Podcast Day(s) and ramblings

Image is of a a black and white cat laying on a blue couch.

“So much depends not on how awkward destiny is, but rather on how openly it is embraced.”

John O’Donohue

“But someday the weight of the world
Will give you the strength to go”
– from “Robot Boy,” by Linkin Park

As mentioned in my last post, I’m fully back in the office. Little did I know that once my wee feeties stepped back toward my desk there would be a great amount of stuff that built up during my sabbatical. While a younger version of me would have happily burned the midnight oil to do all the things, wisdom and age remind me that my work involves being present for those that need someone to walk alongside them. While a business manager, or some such, might tell me that I need to prioritize my “stats” online to give “credibility” to my business — that’s just nonsense to me. And honestly, I think others feel the same.

Thankfully everything is caught up, and I’m back to my regular schedule. It feels great to be back in the saddle, as the cool kids say – although it might be something way different than what I think it does.

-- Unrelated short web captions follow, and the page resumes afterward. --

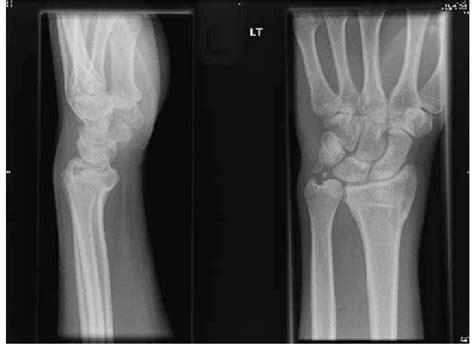 Ulnar Styloid Avulsion Fracture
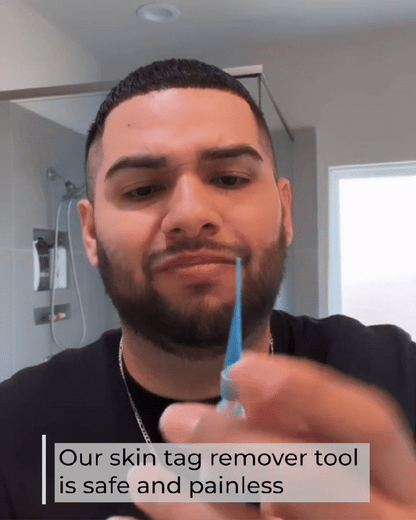 Skin Tag Removal Kit - Wholesalus
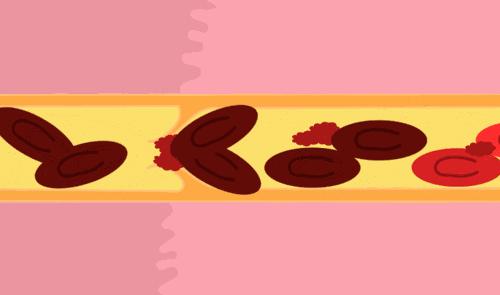 这两个动作会让血栓瞬间脱落,如何防止血栓脱落堵塞血管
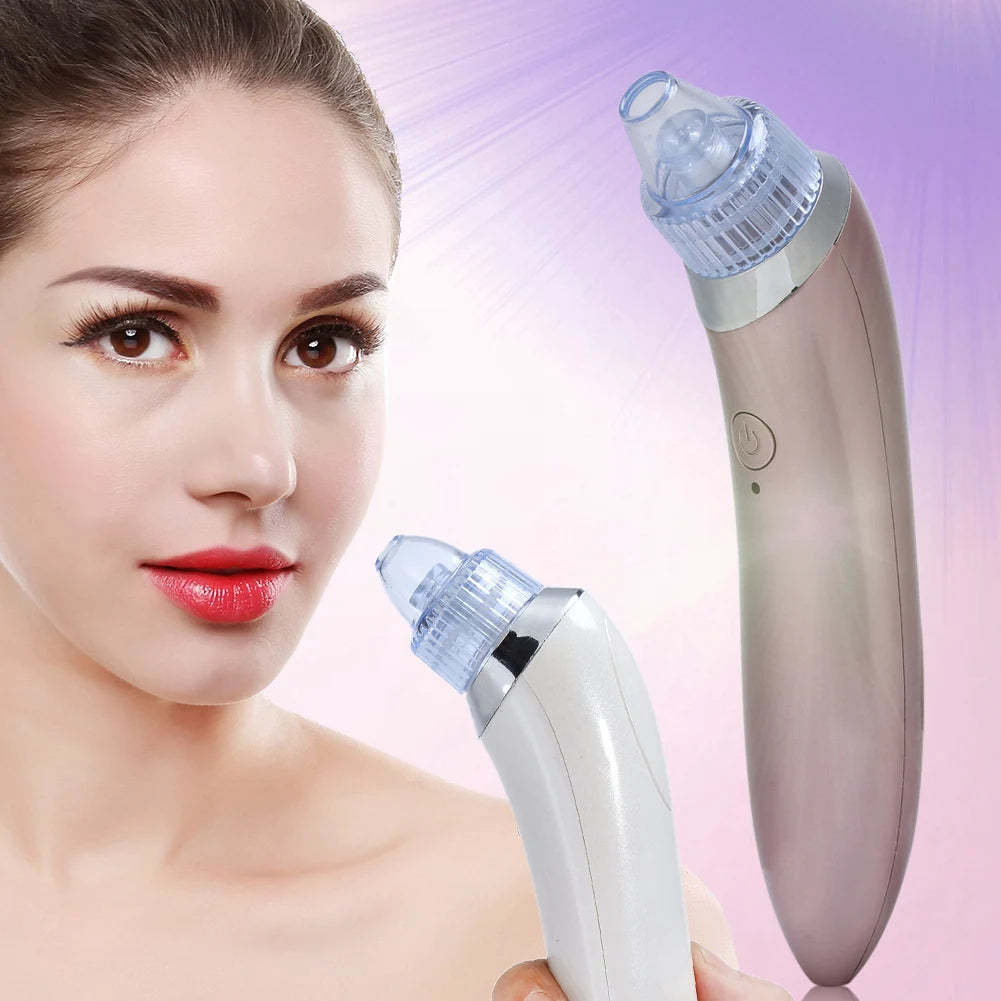 2-Color Electric Blackhead Remover Vacuum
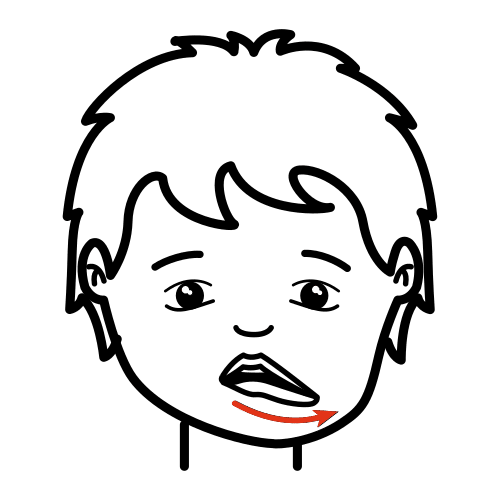 praxia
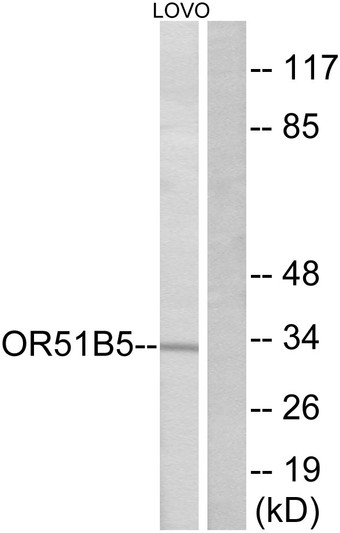 Western blot analysis of lysates from LOVO cells, using OR51B5 Antibody. The lane on the right is blocked with the synthesized peptide.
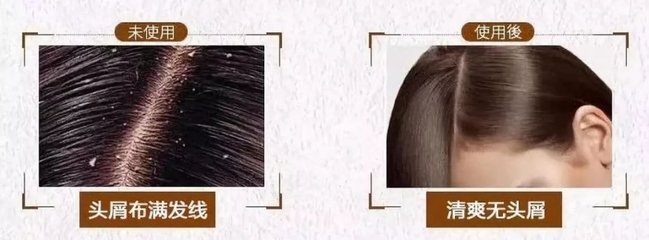 脫發(fā)、掉發(fā)、頭發(fā)稀少？用它洗洗，一次就離不開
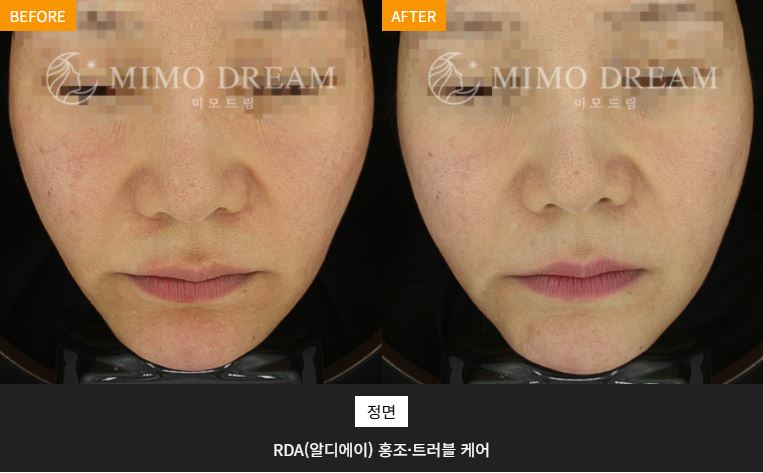 RDA 홍조트러블 케어 3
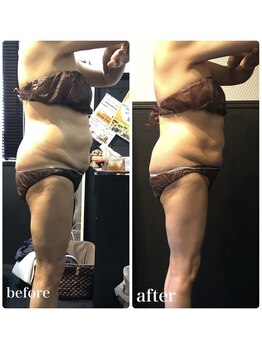 ピーラトゥ 日立(P-Ratu)/上半身集中◎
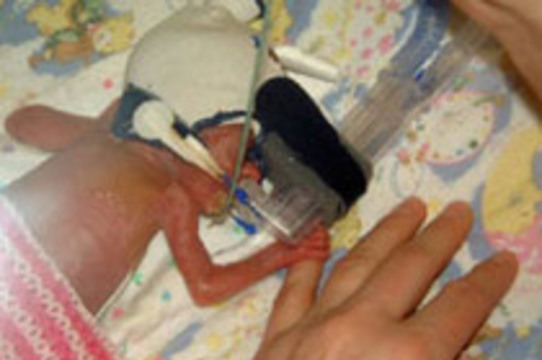Девочка, [родившаяся с весом 354 грамма], выписана из больницы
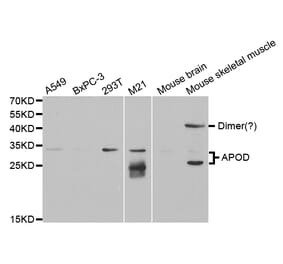 Western blot - APOD Antibody from Signalway Antibody (32751) - Antibodies.com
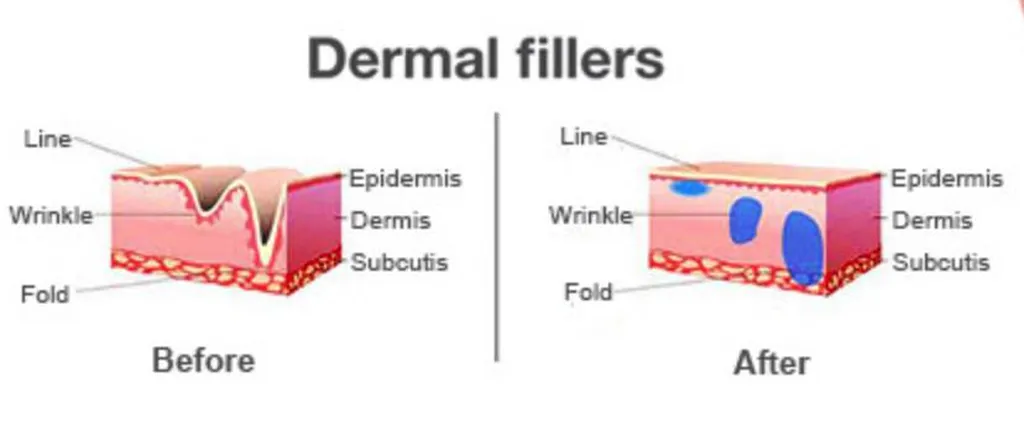 profhilo skinbooster structura polynucleotides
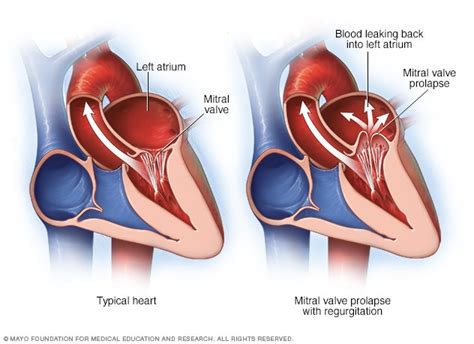 Mitral valve regurgitation - Symptoms and causes - Mayo Clinic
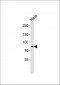 PKCD Antibody (Ab-64)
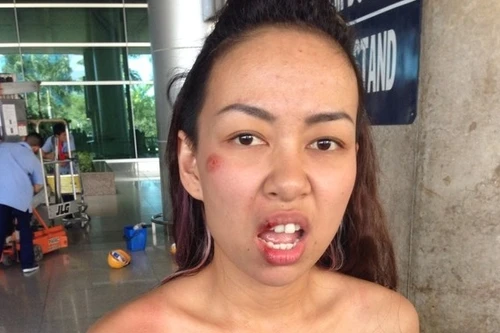 Điểm lại các vụ ca sĩ, diễn viên bị cướp giật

I’ll say less…

Links to direct listens of the recent podcasts:
Jan. 18 – “It takes as long as it takes
Jan. 25 – “Uncertainty and Old Turtle

Lots of love and support to all y’all,
KEU

The Courage To Be Disliked

Crocheted crow as a stuffed toy with a hat and cape on in a Wes Anderson style coloring.

“If the greatest prayer you ever say is thank you, it will be enough.”

Meister Eckhart

“We’re all walking lightly
We’re all walking lightly
Let these moments last
Could be gone so fast”
– “Walking Lightly,” Junip

2023 was an interesting year. Here are a few interesting bullet points…because it would take pages to share the details of every. single. thing. that I experienced.

– In the Spring I was hit with 4 different virii/viruses/illnesses/whatever at once, making me sick for a full month. There was a week where I thought, “Well, this is it. If I don’t wake up in the morning, let my family be okay,” every time I closed my eyes. Just to be clear, I wasn’t embracing an end, but rather facing what I felt was near. I’ve talked about this in other places, just a bit, and may go deeper into what transpired at a later time. For now just know this — I’m very glad to be here. Rumi really had it right when he said, “If you require healing, let yourself fall ill. Let yourself fall ill.”

– All of a sudden everyone was upset with me. Okay, not everyone, but my need to not die really caused some ripples amongst the circles of association I had. You know, I have empathy and compassion for those reactions, because it can be hard to feel as if someone has abandoned you. However, despite my explanations, or proof that my desire to live had nothing to do with anything but survival, that made me “most hated.” (This is something Mr. The Mister and I came up with years ago, and is the most apt way to explain certain situations.)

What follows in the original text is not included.